A Prompt-based Variational Adapter (PVA) is proposed to separate base and novel category samples in the latent space through a variational adapter. A divide-and-conquer strategy is adopted to process them separately, combined with residual connections to enhance the transfer capability of novel categories, achieving state-of-the-art performance on generalized zero-shot learning and cross-dataset transfer learning benchmarks.

Background & Motivation

Background: Pre-trained vision-language models (VLMs) such as CLIP have demonstrated excellent zero-shot generalization capabilities. The current mainstream approach is to fine-tune CLIP for downstream tasks via prompt tuning or adapters, achieving high specialized performance on base categories while maintaining generalization to novel (unseen) categories.

Limitations of Prior Work: Most existing fine-tuning methods, while pursuing high performance on base categories, inevitably lead to "feature confusion" for novel categories. Specifically, the fine-tuned model confuses novel category samples with certain base categories, because the feature space is distorted during fine-tuning, blurring the semantic boundaries of novel categories. This base-novel performance trade-off has been a core challenge in zero-shot generalization.

Key Challenge: Fine-tuning specializes the model on base categories, but this specialization comes at the expense of generality for novel categories. The fundamental reason is that fine-tuning simultaneously processes predictions of both base and novel categories in a unified feature space, causing the model to incorrectly pull novel sample features toward the decision regions of base categories.

Goal: (1) How to identify and separate confused base and novel samples? (2) How to process the two groups of samples separately after separation to eliminate prediction bias? (3) How to enhance the transfer capability of novel categories while maintaining the performance on base categories?

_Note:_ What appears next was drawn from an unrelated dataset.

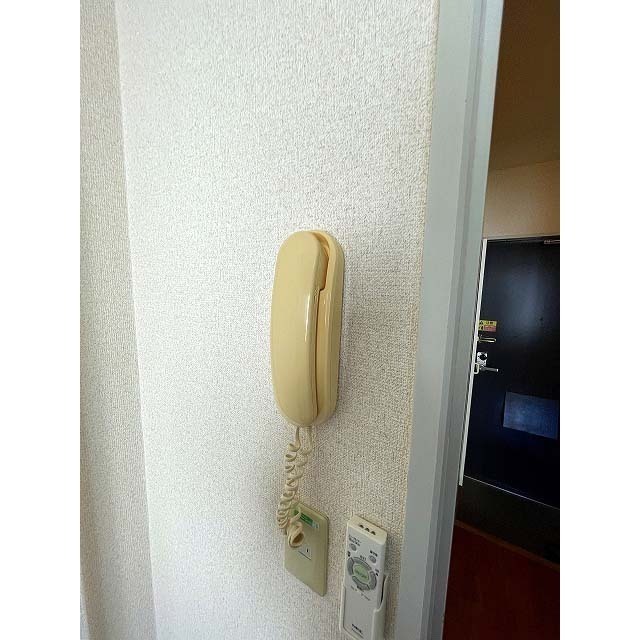 相川マンション304号室 インターホン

Key Insight: The authors observe that the distribution differences between base and novel samples in the latent representation space can be modeled. Variational inference can learn a structured latent space where the distributions of the two types of samples can be explicitly distinguished. If the confused samples can be separated, a difficult mixed task can be decomposed into two independent and simpler sub-tasks.

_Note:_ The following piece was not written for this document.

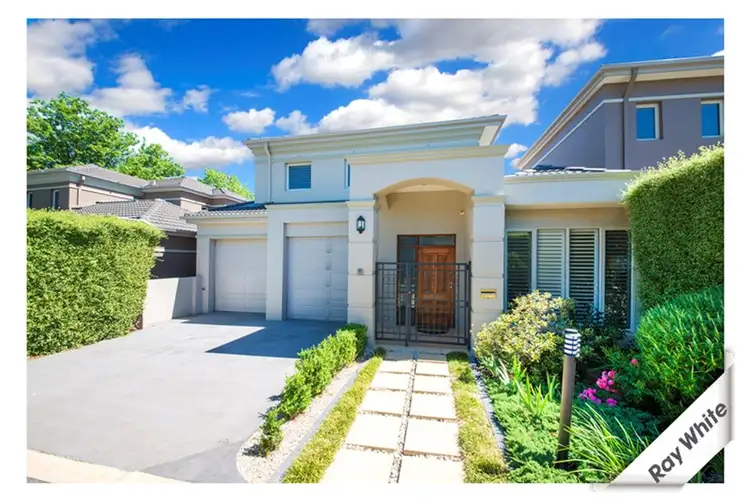 2/10 Hutchins Street, Yarralumla ACT 2600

Core Idea: Use a variational adapter to learn a structured latent space, separate novel samples from the confused space based on the similarity of latent features, and then apply a divide-and-conquer approach.

Method

Overall Architecture

PVA adds two lightweight variational adapters directly onto the frozen CLIP model—one for the visual modality and one for the textual modality. Each adapter contains learnable text tokens and a variational inference module. During the training phase, the adapters are trained on base category data to learn the mapping of input features to a shared, structured latent space. During the inference phase, the feature similarity metric in the latent space is utilized to divide the input samples into "base-like" and "novel-like" groups, which are then processed with different prediction strategies.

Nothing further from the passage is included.